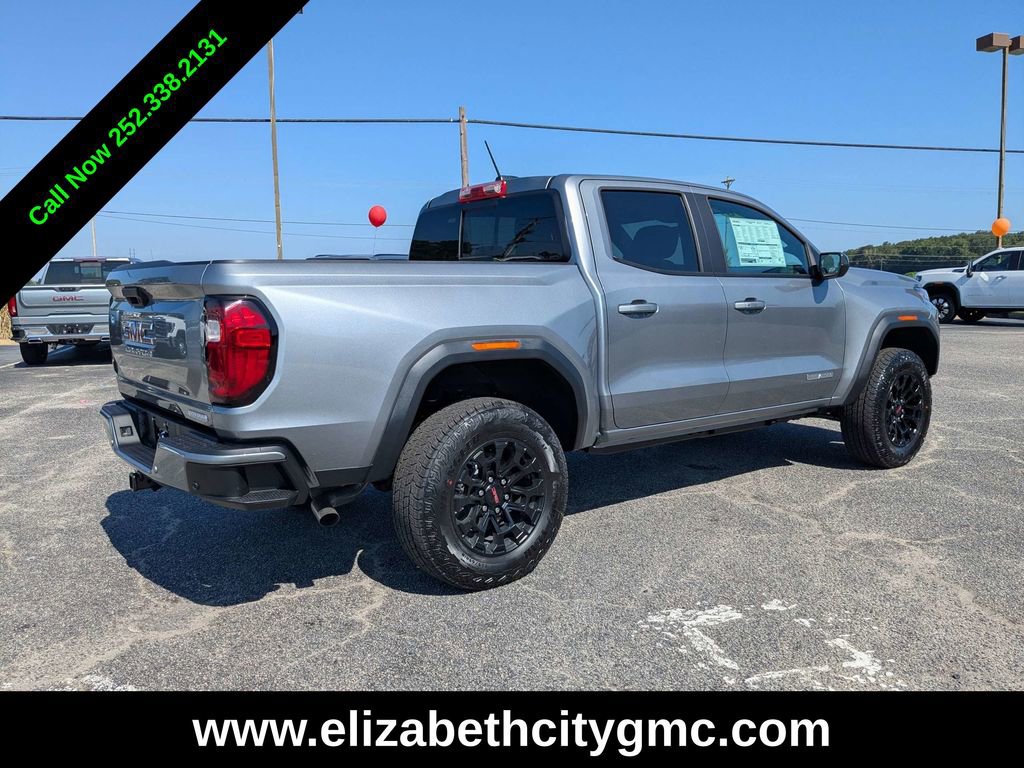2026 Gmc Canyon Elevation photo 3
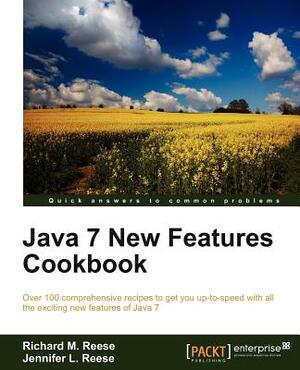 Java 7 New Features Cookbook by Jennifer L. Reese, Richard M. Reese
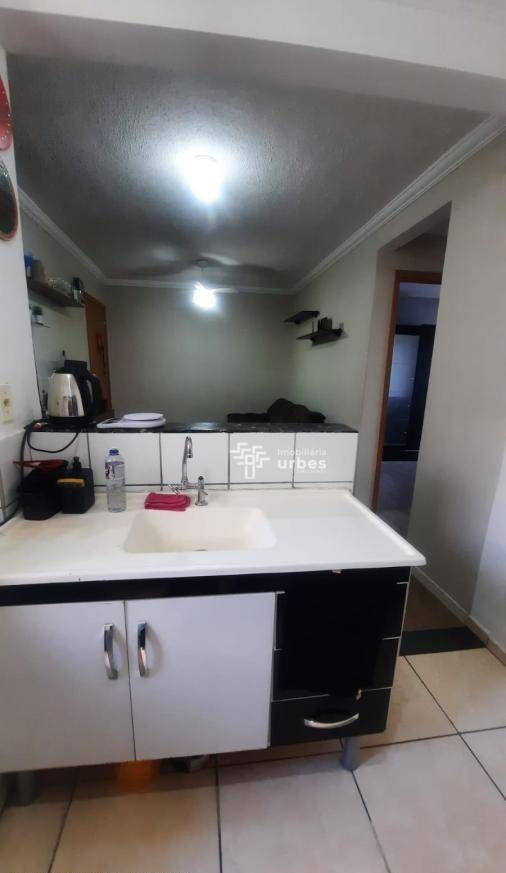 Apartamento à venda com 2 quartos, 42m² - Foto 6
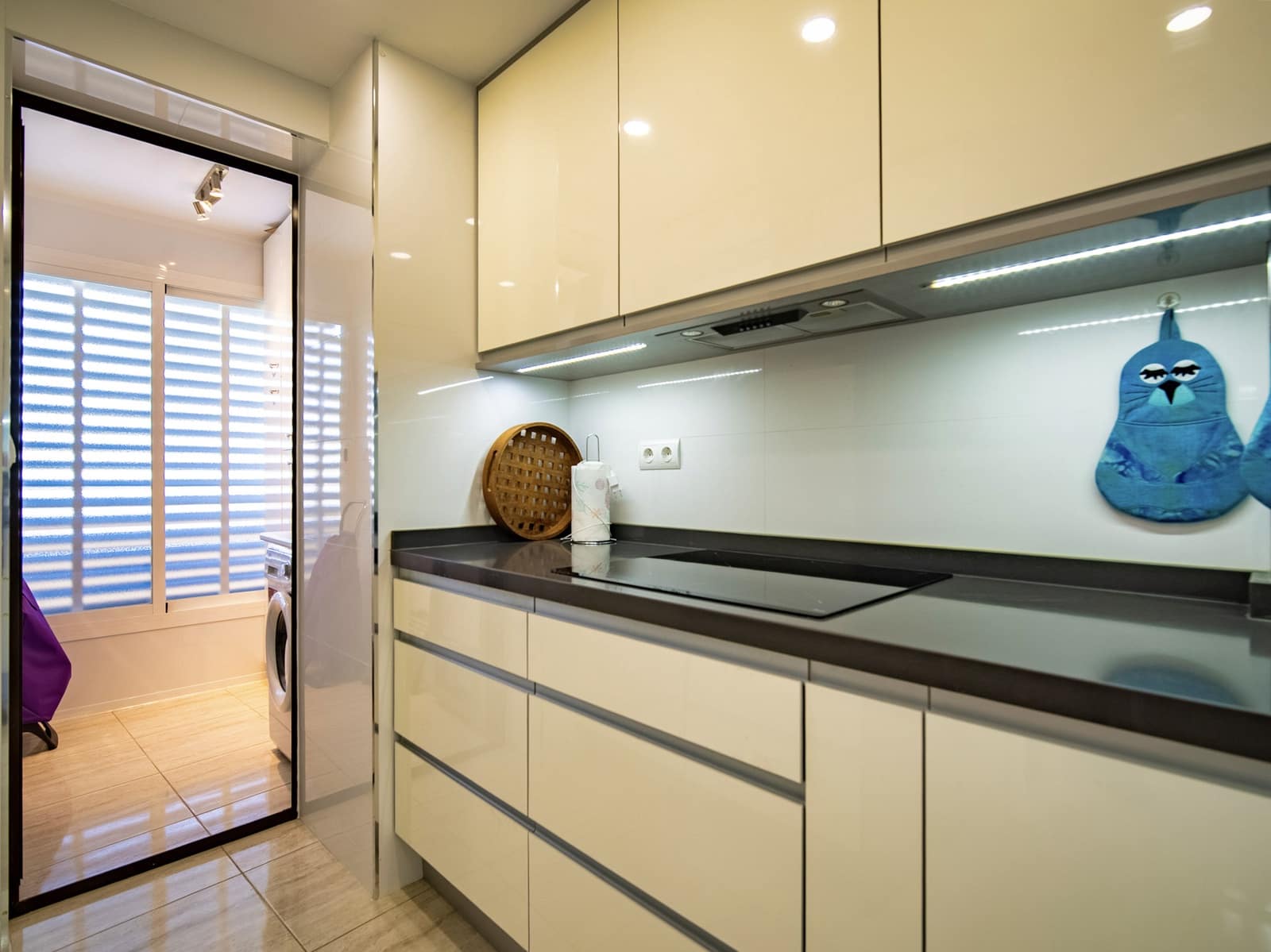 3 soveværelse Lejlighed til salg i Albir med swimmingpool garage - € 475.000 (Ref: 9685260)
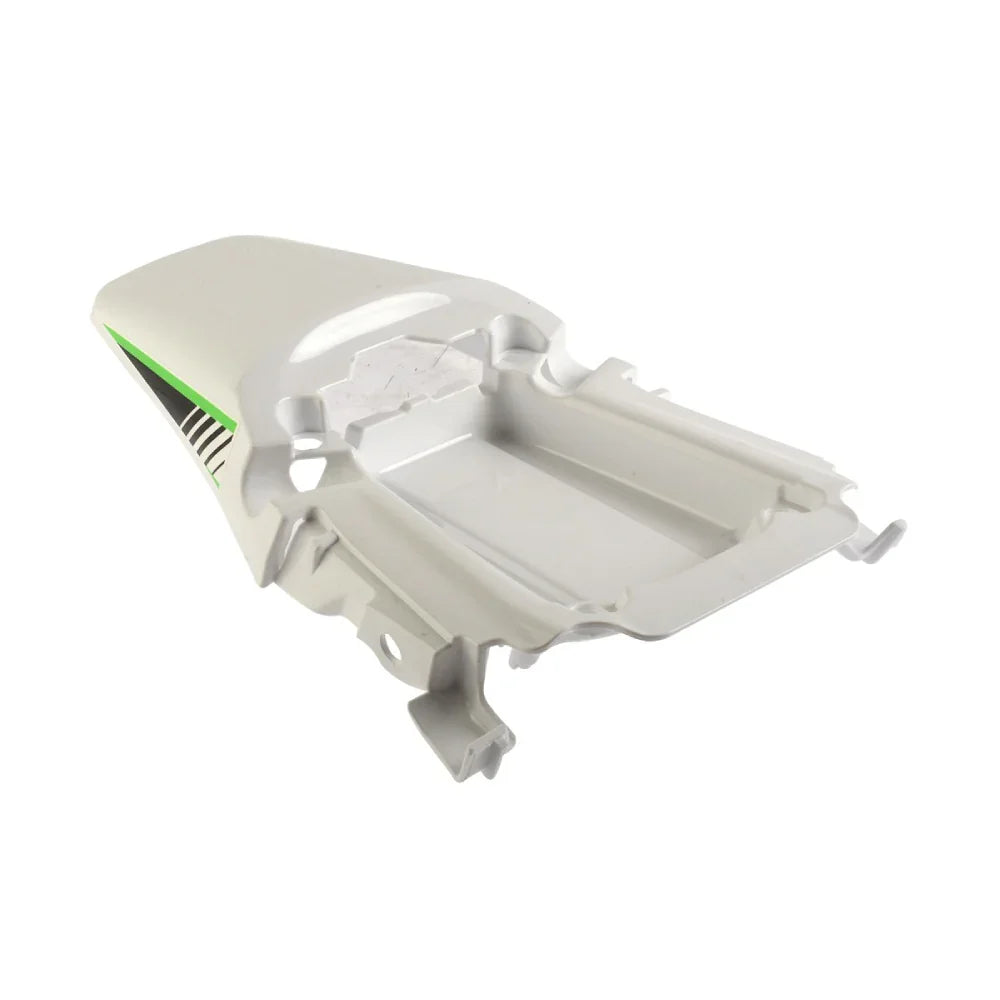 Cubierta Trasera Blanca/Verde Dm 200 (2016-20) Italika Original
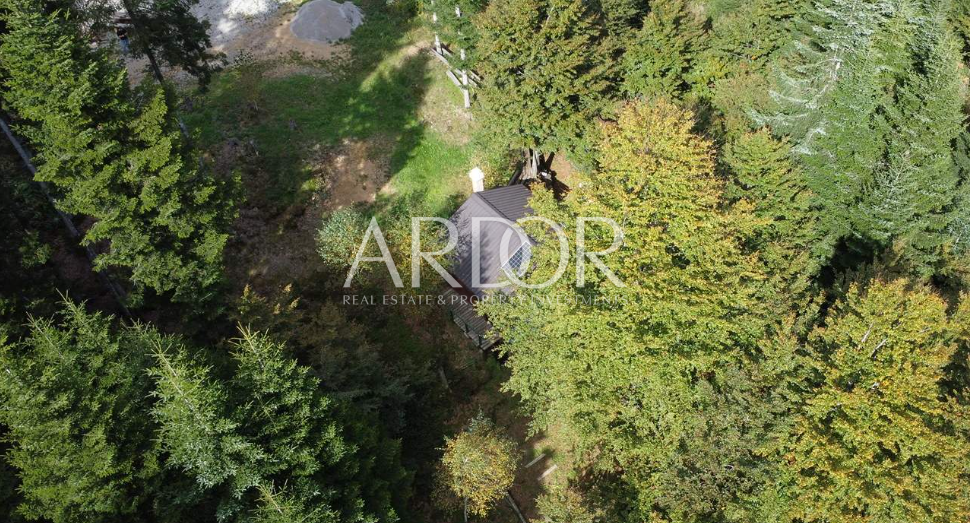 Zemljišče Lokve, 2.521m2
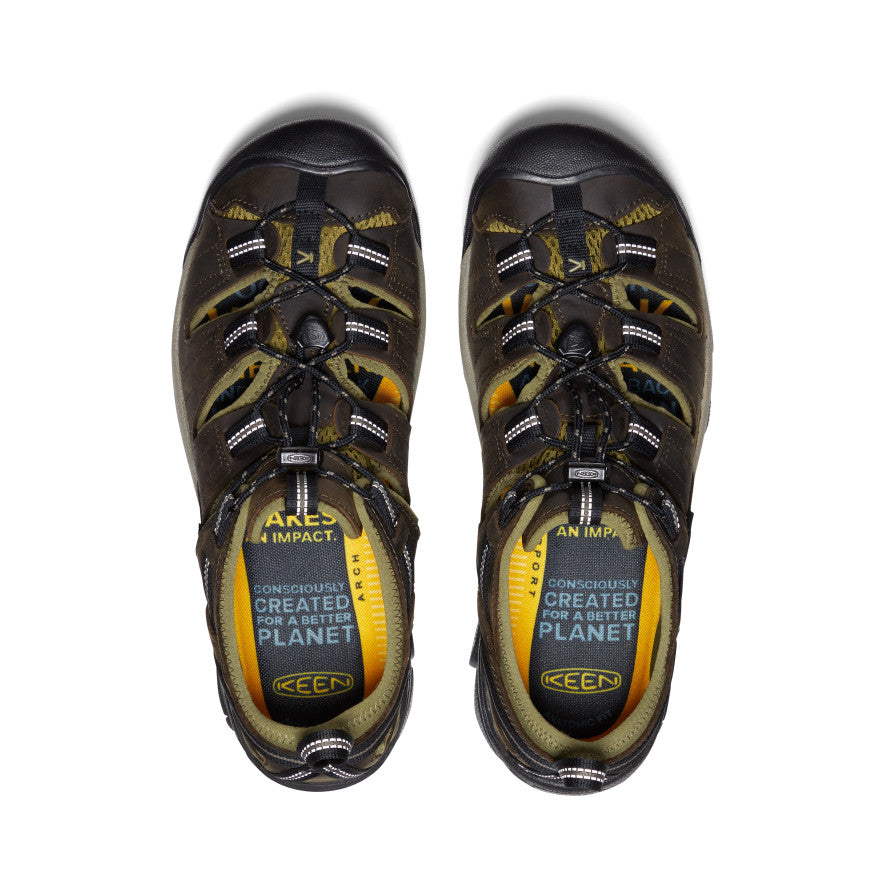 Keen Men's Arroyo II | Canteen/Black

Aim of the exercise:
Print out all the material above exactly as it appears, omitting the images.

Answer to this task:
2026 Gmc Canyon Elevation photo 3
 Java 7 New Features Cookbook by Jennifer L. Reese, Richard M. Reese
 Apartamento à venda com 2 quartos, 42m² - Foto 6
 3 soveværelse Lejlighed til salg i Albir med swimmingpool garage - € 475.000 (Ref: 9685260)
 Cubierta Trasera Blanca/Verde Dm 200 (2016-20) Italika Original
 Zemljišče Lokve, 2.521m2
 Keen Men's Arroyo II | Canteen/Black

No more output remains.